Director of Intercultural Life and senior diversity officer
When Hemie Collier first stepped on campus in 2008 as a football coach, he connected immediately to the Office of Intercultural Life [pictured above: A mural in Stoner House, the home of Cornell’s Intercultural Life Office] and by 2016 he was assistant director of the office. Now, 13 years later, Collier is the senior diversity officer and in the position to enhance the college’s vision around DEI initiatives. One of Collier’s goals is to be at the forefront of DEI work and serve as a model for other small liberal arts institutions.
With this understanding, Collier wasted no time moving initiatives forward to set the mission, vision, and direction of diversity and making Cornell a more diverse and equitable place. The campus is currently examining itself and asking questions like, what are we doing to make sure all students feel safe on campus? How can we enhance education for everyone on campus? How are our students affected?
All of this work begins with examining Cornell’s foundation. Collier admits, “Some things we are looking at are easy fixes like making an intentional effort to figure out what is going on. We are trying to fix a system that started in 1853 when conversations about privilege were not at the forefront of people’s minds, and it’s not going to change overnight.”
Re-examining and dismantling these structures will take time.
The Cornell student body is diverse; 73% of the students are not from Iowa, one out of every four students on campus is of color, and various socio-economic, political backgrounds, and sexual orientations comprise today’s Hilltop population. The question then becomes, how do we learn how to navigate these differences?
The three-to-five-year plan
The work of examining ourselves starts at the top, as President Jonathan Brand continues to support Cornell’s foundational shift.
“I was acutely aware that I am not an expert in DEI-related matters,” Brand said. “As a result, I decided that I needed to educate myself. I have made it a priority to attend as many DEI-related programs on campus as possible, particularly those led by students. I’ve asked several on campus to explore and share how we spend our money on campus to determine whether we have been unintentionally acting in an inequitable way.”

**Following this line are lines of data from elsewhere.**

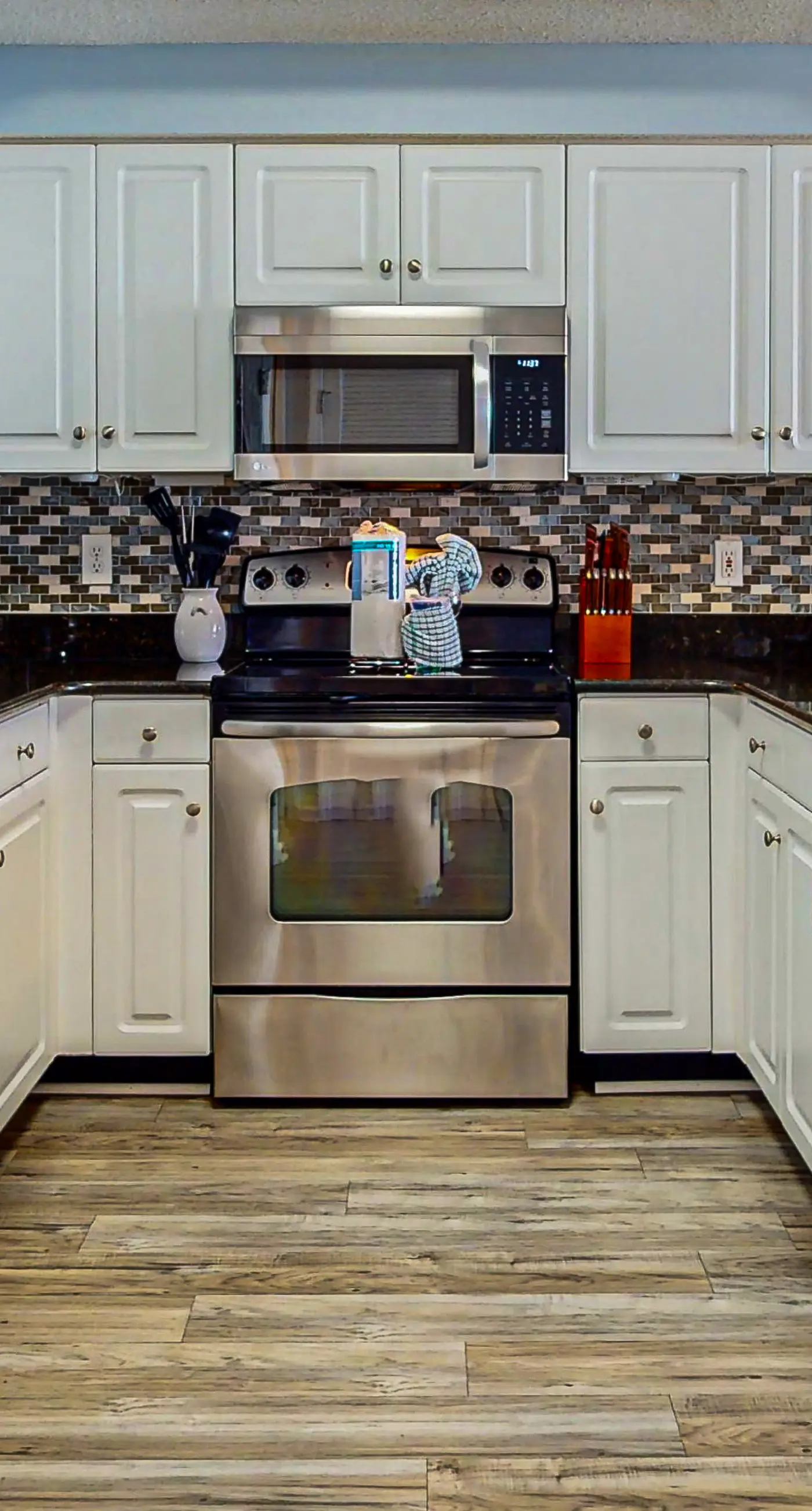 Majestic Sun B513 | Beachfront Condo with Pool!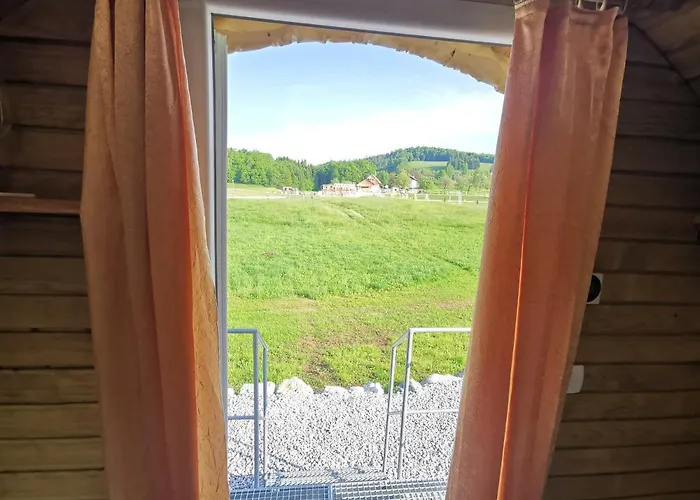 Cowboy's Land Višnja Gora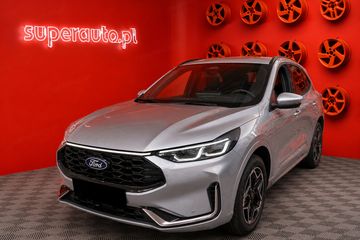 Ford Kuga ST-Line X  2.5 FHEV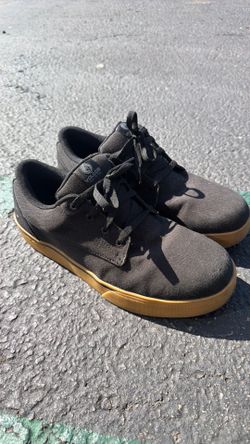 Volcom workwear shoes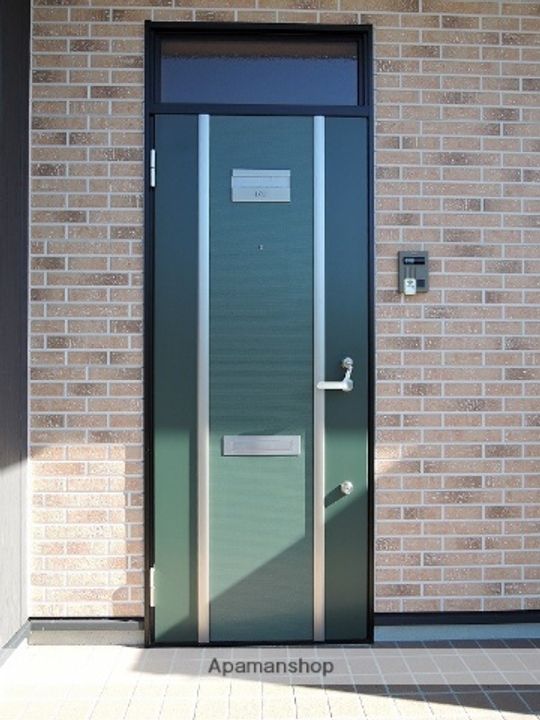 ヒルトップサザン102の外観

Here is where Brand began reading numerous key texts in the field including “White Fragility,” “How To Be An Anti-Racist,” and “Me and White Supremacy.”

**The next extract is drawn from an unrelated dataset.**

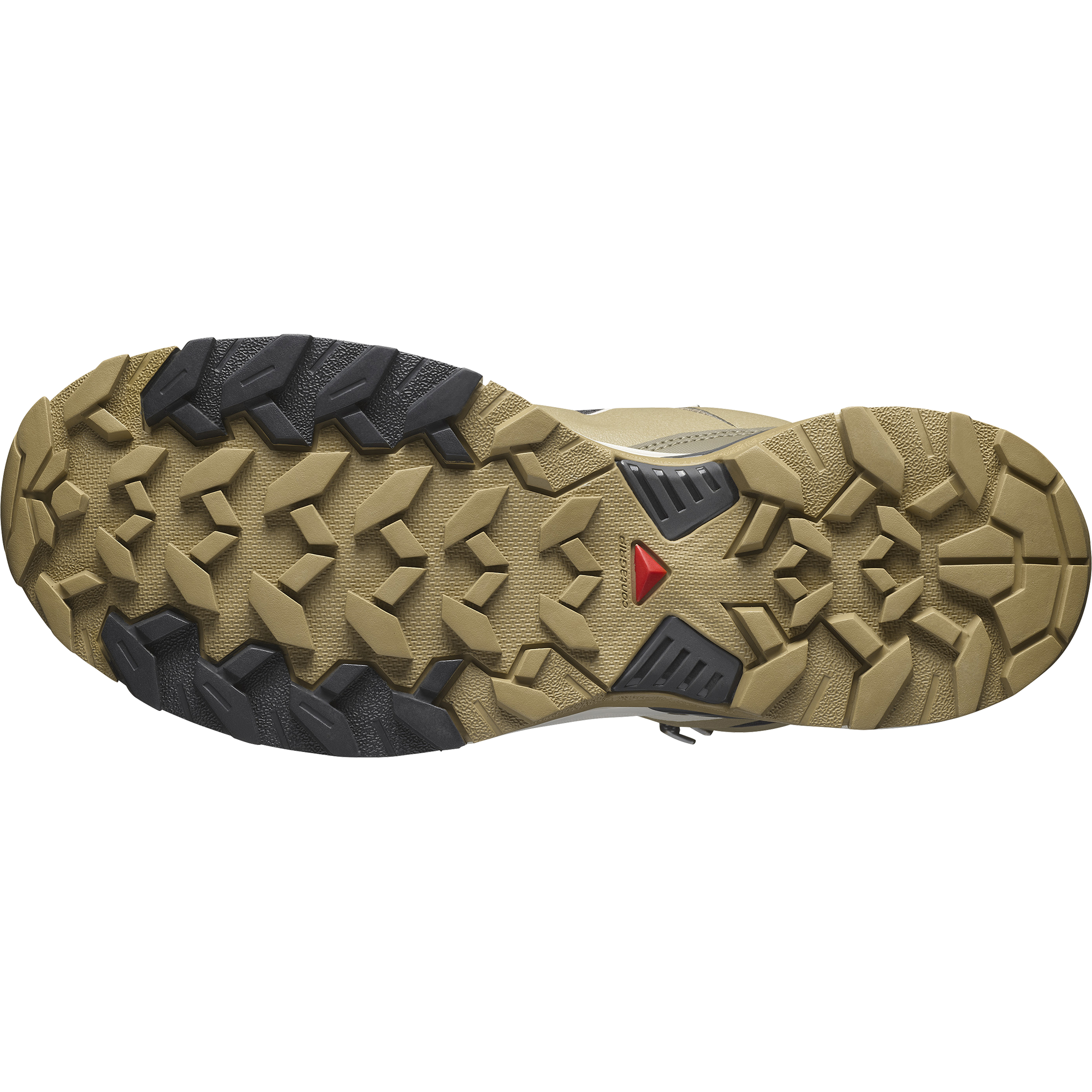 X ULTRA 360 EDGE MID GORE-TEX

DEI efforts continue to expand into the short-term, three-year plan with three areas of focus:
- The student experience and campus environment
Within these three main categories live 16 initiatives spanning campus. This includes the development of an Indigenous land acknowledgment, a statement affirming that the college occupies the unceded territory of the Meskwaki Nation, and building a working relationship with them. There is also work around decolonization of the curriculum, and evaluating Cornell’s Title IX compliance, which prohibits sex-based discrimination in any school or educational program that receives federal money.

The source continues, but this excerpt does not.